Мне показалось, что он был определенно доволен моей реакцией».
Наверное, такой разговор был в действительности. Но, откровенно говоря, комментировать этот диалог людей, давно ушедших от нас, не хотелось бы, хотя у меня его содержание вызывает горькое чувство. Он проливает свет не только на взаимоотношения Громыко и Черненко, но и дает ключ к пониманию всей атмосферы, царившей тогда в Политбюро. Лидер партии обращается к товарищу со своими сокровенными мыслями, обращается доверительно и ожидает, наверное, понимания, человеческой реакции. И слышит в ответ казенное назидание.
…А на том заседании Политбюро, где решалась судьба еще неокрепшего во власти Горбачева, несмотря на дипломатический ход Громыко, Черненко, производивший впечатление флегматика, проявил недюжинную твердость и крепость характера:
— Я все-таки настаиваю на том, чтобы вы поддержали мое предложение: доверить ведение заседаний Секретариата товарищу Горбачеву…
Произошло в конечном счете все именно так, как предложил Константин Устинович — заметим, сам предложил, никто его не принуждал к этому, и тут уж, как говорится, из песни слов не выкинешь. Возвысил он Горбачева, хотя между ними, по свидетельству многих очевидцев, никогда не было дружбы или близости. Но никто не замечал и никакой вражды, неприкрытой или замаскированной. Да ее и быть не могло в условиях аппарата, где принцип подчинения меньшинства большинству предполагал борьбу и сопротивление до известного предела. Дальше вступал в силу другой известный закон демократического централизма — решение принято, извольте его выполнять.
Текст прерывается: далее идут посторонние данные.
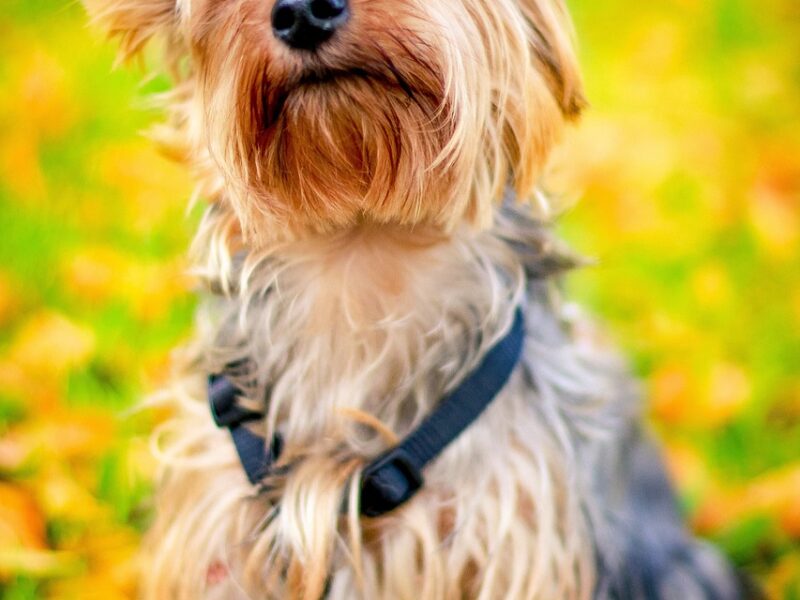 Szkolenie szczeniaka Yorkshire Terrier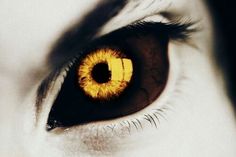 an eye with yellow iris and long eyelashes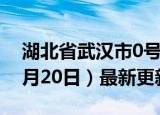 湖北省武汉市0号柴油价格查询（2024年06月20日）最新更新数据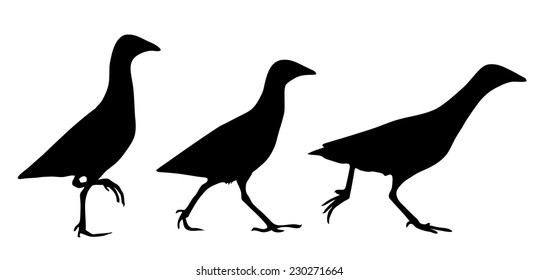 Corn crake silhouette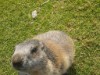 Bild 62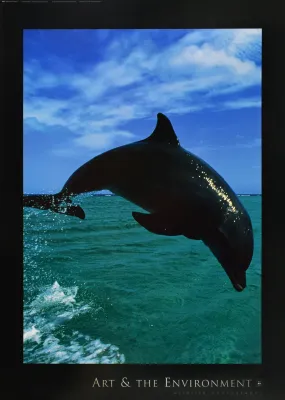 Bottlenose Dolphin by Konrad Wothe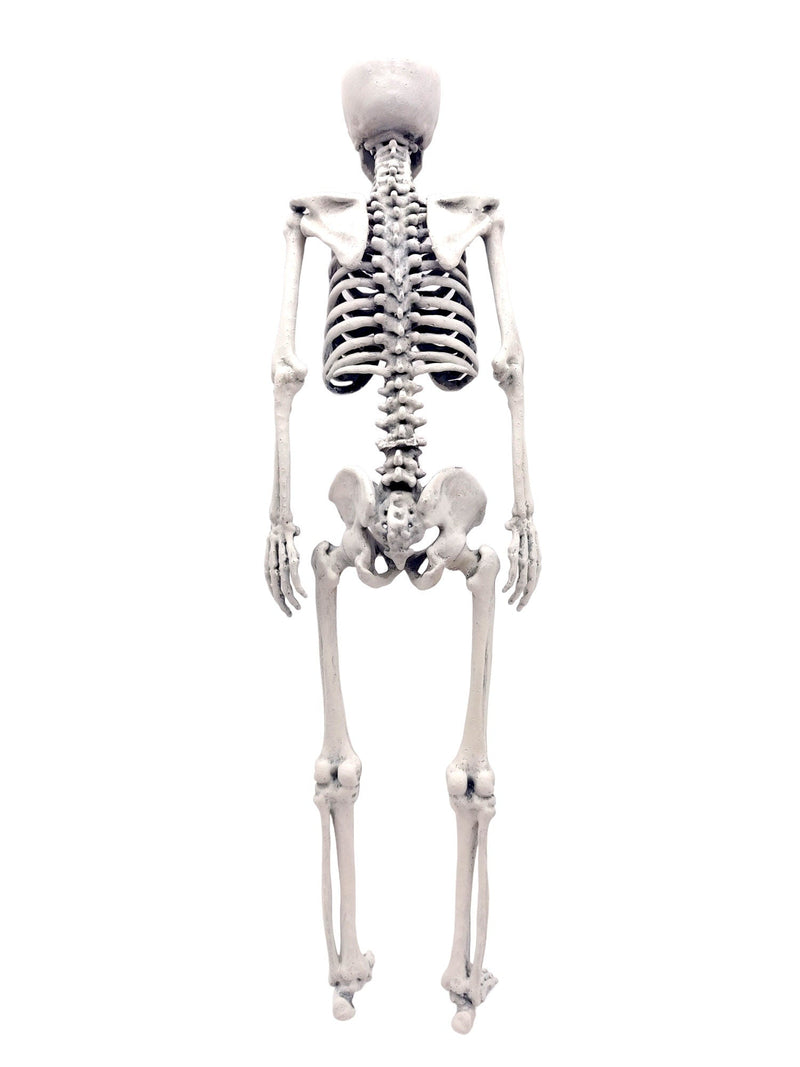 Human Skeleton Replica - 1:6 Scale
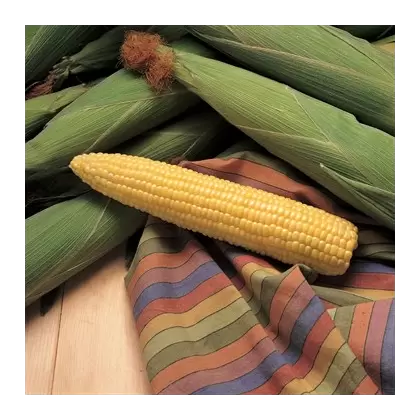 CORN, HONEY SELECT 4 OZ. EACH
Естественно, Горбачев, успевший почувствовать значение колоссальной поддержки Андропова, не хотел оказаться при новом генсеке внизу иерархической лестницы, на каком-нибудь аграрно-сельскохозяйственном участке работы. К тому же уж очень ему понравилось представлять СССР в зарубежных поездках, запросто беседовать с лидерами великих государств. Страсть эта у Михаила Сергеевича возникла задолго до его избрания генсеком, да только мало на это тогда обращали внимание. Например, в 1984 году сама «железная леди» — Маргарет Тэтчер оказала ему необычайно теплый прием, явно не соответствовавший тому статусу (руководитель парламентской делегации), в котором он посетил Великобританию. Обласкала она и супругу Горбачева, а фотографию Михаила Сергеевича установила на своем рабочем столе. Этот мало чего значивший по официальным меркам визит неожиданно привлек широкое и пристальное внимание западных средств массовой информации.
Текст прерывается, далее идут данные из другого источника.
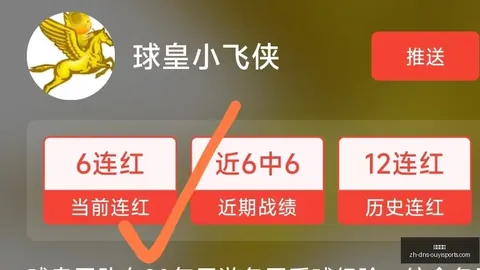 昨智利甲胜 智利甲6胜4 这场保级战暗藏玄机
Лишь через несколько лет вспомнили и о том, что еще годом ранее Горбачев посетил Канаду и во время поездки у него были не только официальные встречи. Имел он обстоятельную и доверительную беседу с А. Н. Яковлевым, в ту пору работавшим там послом. О чем? По признанию Александра Николаевича, в Канаде они «очень откровенно разговаривали по всем делам».
Очевидно, уже тогда Запад сделал свои ставки, присмотрел для себя будущего генсека и хорошо знал, на каких струнах можно с ним поиграть. Не случайно Горбачев стал так падок до заморских почестей, откровенно заискивал и лебезил перед американскими и западными руководителями.
Лигачев вспоминает, как однажды, будучи уже в должности генерального секретаря, прилетел Горбачев из Италии.
«— Егор, ты знаешь, весь Рим меня провожал.
Я ему:
— Михаил Сергеевич, надо бы на Волгу съездить и в Сибирь.
А он: мол, ты опять за свое, я тебе про Италию, а ты — Сибирь! И так довольно часто бывало».
…Черненко, похоже, читал мысли Горбачева и прекрасно понимал его тревоги — ведь догадаться о том, что у него на душе, было несложно. И он решил не поступать с ним так, как совсем недавно с ним самим поступил Андропов. Он доверил ему — и настоял на этом, что гораздо труднее! — по сути, второй по значимости пост в партии. Отныне и до самой смерти Черненко Горбачев будет его правой рукой. Формально, конечно, так как для Горбачева отношения с Черненко уже не имели особого значения. Судьба Михаила Сергеевича была в значительной мере предопределена, и Константин Устинович своими руками зажег ему зеленый свет: путь наверх, до поста генерального и будущего президентского кресла, был открыт.